(Information provided Opens)

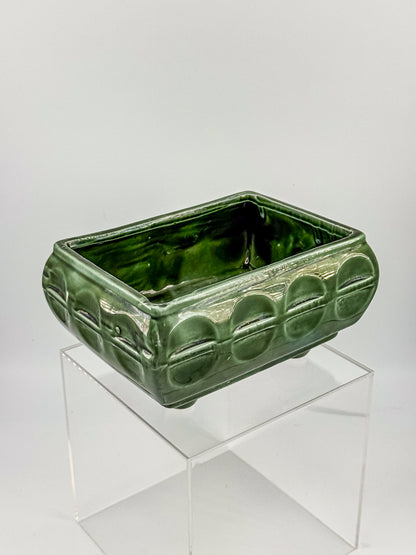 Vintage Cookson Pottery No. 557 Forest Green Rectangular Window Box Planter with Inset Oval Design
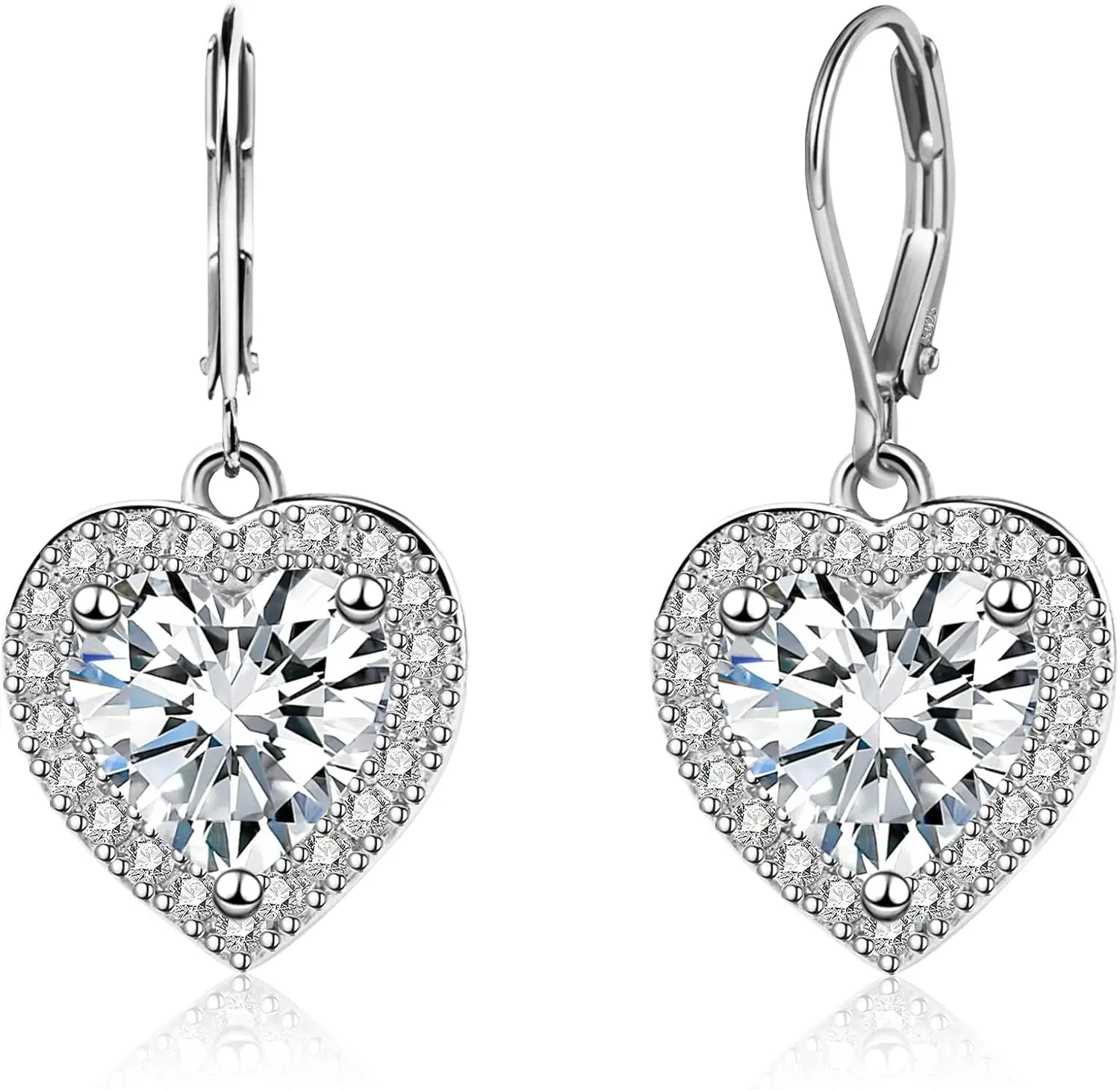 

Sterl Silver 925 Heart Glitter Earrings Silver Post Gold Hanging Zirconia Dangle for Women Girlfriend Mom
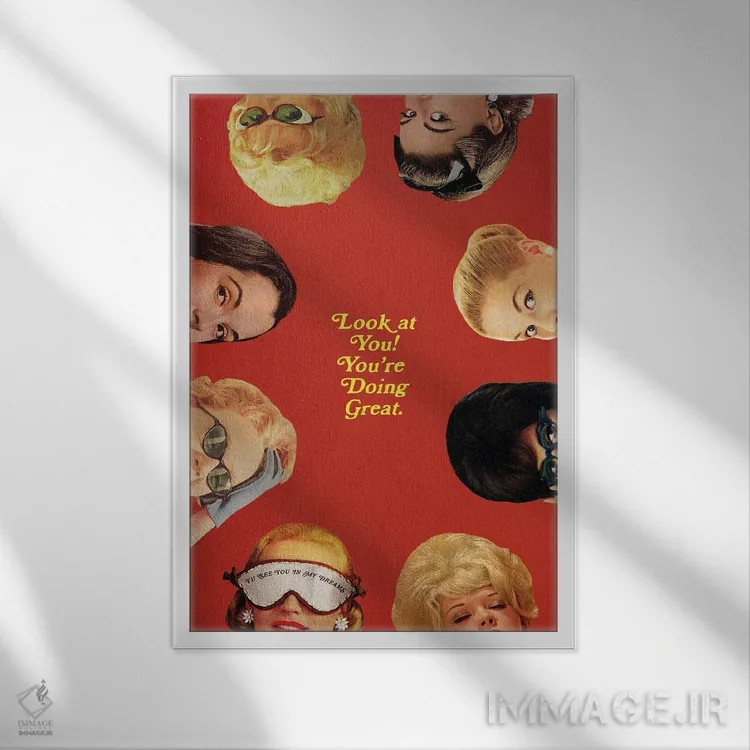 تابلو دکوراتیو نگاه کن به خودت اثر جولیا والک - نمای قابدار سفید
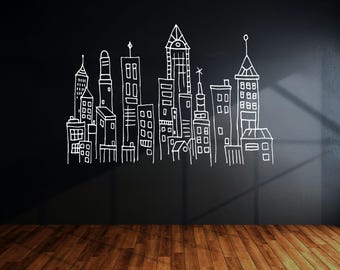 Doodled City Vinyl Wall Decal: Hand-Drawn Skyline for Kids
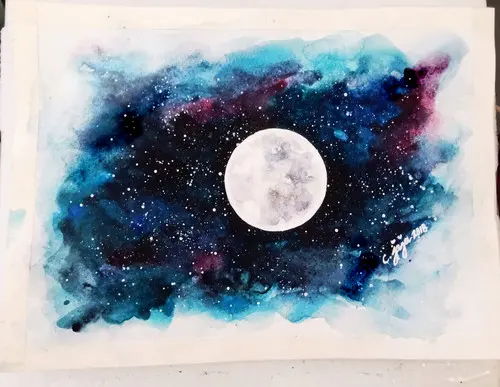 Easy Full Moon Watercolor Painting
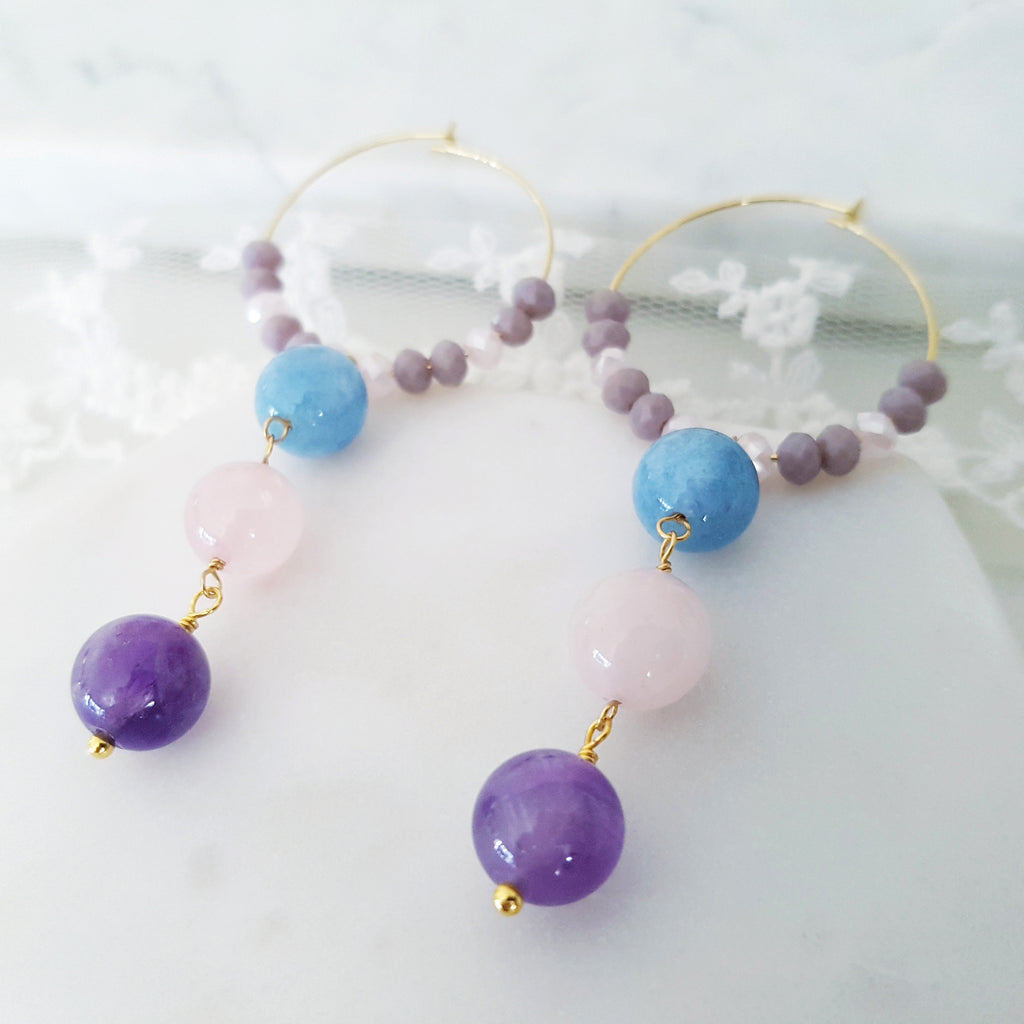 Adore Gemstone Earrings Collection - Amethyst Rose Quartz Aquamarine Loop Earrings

(Information provided Closes)

Description of the task:
Please reproduce the records above exactly, leaving out every picture.

Completed exercise:
 Vintage Cookson Pottery No. 557 Forest Green Rectangular Window Box Planter with Inset Oval Design

Sterl Silver 925 Heart Glitter Earrings Silver Post Gold Hanging Zirconia Dangle for Women Girlfriend Mom
 تابلو دکوراتیو نگاه کن به خودت اثر جولیا والک - نمای قابدار سفید
 Doodled City Vinyl Wall Decal: Hand-Drawn Skyline for Kids
 Easy Full Moon Watercolor Painting
 Adore Gemstone Earrings Collection - Amethyst Rose Quartz Aquamarine Loop Earrings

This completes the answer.